Texte extrait de L'Espace de l'Égée,
sur une suggestion de Marielle Anselmo,
que Terres de femmes remercie chaleureusement
pour cette initiative.
[UNE SENSATION DE " SAINTETÉ "]
À partir des poulpes représentés sur les vases crétois ou des poissons volants des fresques récemment découvertes à Santorin, à partir des seins nus des femmes minoennes ou des tridents des mosaïques de Délos, à partir de la trouée marine entre deux colonnes d'un temple, ou de la fixation géométrique en marbre de Paros d'un joueur de flûte, surgit, tel le souffle très léger d'un vent du Nord-Est, une sensation de " sainteté ", pourrait-on dire par anticipation, qui vient se poser ans aucune difficulté, comme si de rien n'était, sur la chaux des chapelles, sur les visages cuivrés des saints de l'Orthodoxie, sur les voûtes en ogive des maisons de Sifnos ou d'Amorgos, sur les bleus et les jaunes de la plus pauvre des barques de pêcheurs. L'énumération paraît artificielle, ennuyeuse. D'ailleurs, elle est intentionnellement poussée afin de montrer ce qui s'accomplit beaucoup plus mystérieusement dans les âmes d'une communauté où les forces physiques, maîtrisées ici et là par la démesure (le grand fléau de nos civilisations), ont toujours le dernier mot - je veux dire qu'elles nous donnent à comprendre de quelle façon il est possible de vaincre le temps. [...]

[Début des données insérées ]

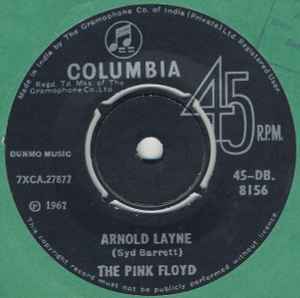 Pink Floyd - Arnold Layne / Candy And A Currant Bun album cover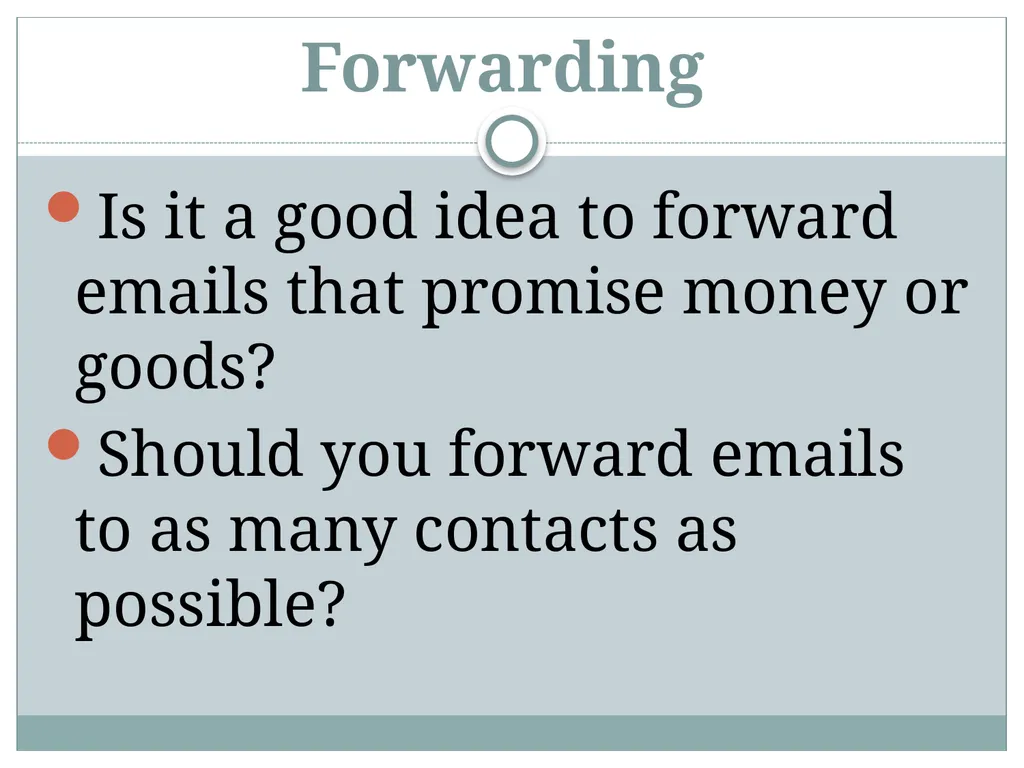This is a discussion on email etiquette, with a - slide 13 of 17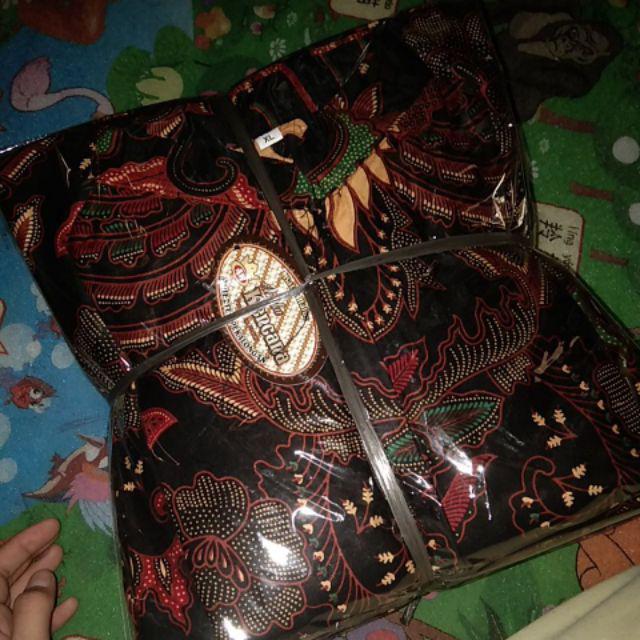 Batik Couple Keluarga Sania Ruffle Ori Ndoro Jowi Dnt Motif Kupu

Un jour, j'ai écrit que, plongeant dans la mer les yeux ouverts, j'avais la sensation de mettre en contact ma peau avec ce blanc de la mémoire qui me poursuivait depuis un certain fragment de Platon, et on a dit que c'était incompréhensible. Et pourtant, c'est dans la langue grecque la plus pure que le timonier sur son bateau trouve le fil à plomb, exactement comme le trouvait Ictinos au Parthénon. C'est en cela que les actions d'un grand politique par exemple, approchent la pureté du plus élégant des marbres. C'est en cela que le sentiment amoureux le plus noble aboutit au goût âpre du raisin noir. Ce qui donne prise à la croyance que les poètes jouent avec les mots, alors qu'en réalité, si l'on y songe bien, ils agissent avec davantage de sérieux que ne le permet la conversation devant un écran fermé, sans horizon aucun.
La mer Égée n'a pas d'écran, elle n'en a jamais eu. Elle est faite de matière ou d'esprit (peu importe) qui conduisent à l'essentiel. Le plus important - de ce qu'elle représente probablement d'énigmatique - est la transparence : la possibilité de voir au travers du premier, du second, du troisième, du énième plan d'une seule et même réalité, le signe unidimensionnel et simultanément polyphonique de leur sémantique métaphorique.
Voici donc comment on rencontre la morale sur le chemin même qu'on avait pris pour la fuir. Peut-être alors, se laisse-t-on plus facilement convaincre, quand elle nous tape sur l'épaule.
Un homme qui se réveille à l'aube devant un petit port mauve et qui aurait voulu n'avoir jamais appris à lire ou à écrire- quel miracle ! Il descend au petit rocher pour détacher la barque. Bientôt, l'une des crêtes de la montagne va rougir. D'un moment à l'autre le Kouros apparaîtra, et derrière lui les lignes des autres îles, la goélette délestée, une chapelle consacrée au Prophète Élie. Puis, tout s'éteindra, et il restera le visage brun et pur, aux grands yeux, du pêcheur au panier, ton voisin d'aujourd'hui, mais aussi l'éternel Apôtre, prêcheur des trésors - et des hommes.
Odysseus Elytis, L'Espace de l'Égée, L'Échoppe, 2015, pp. 21-22-23-24-25. Images d'Etel Adnan. Traduit du grec par Malamati Soufarapis.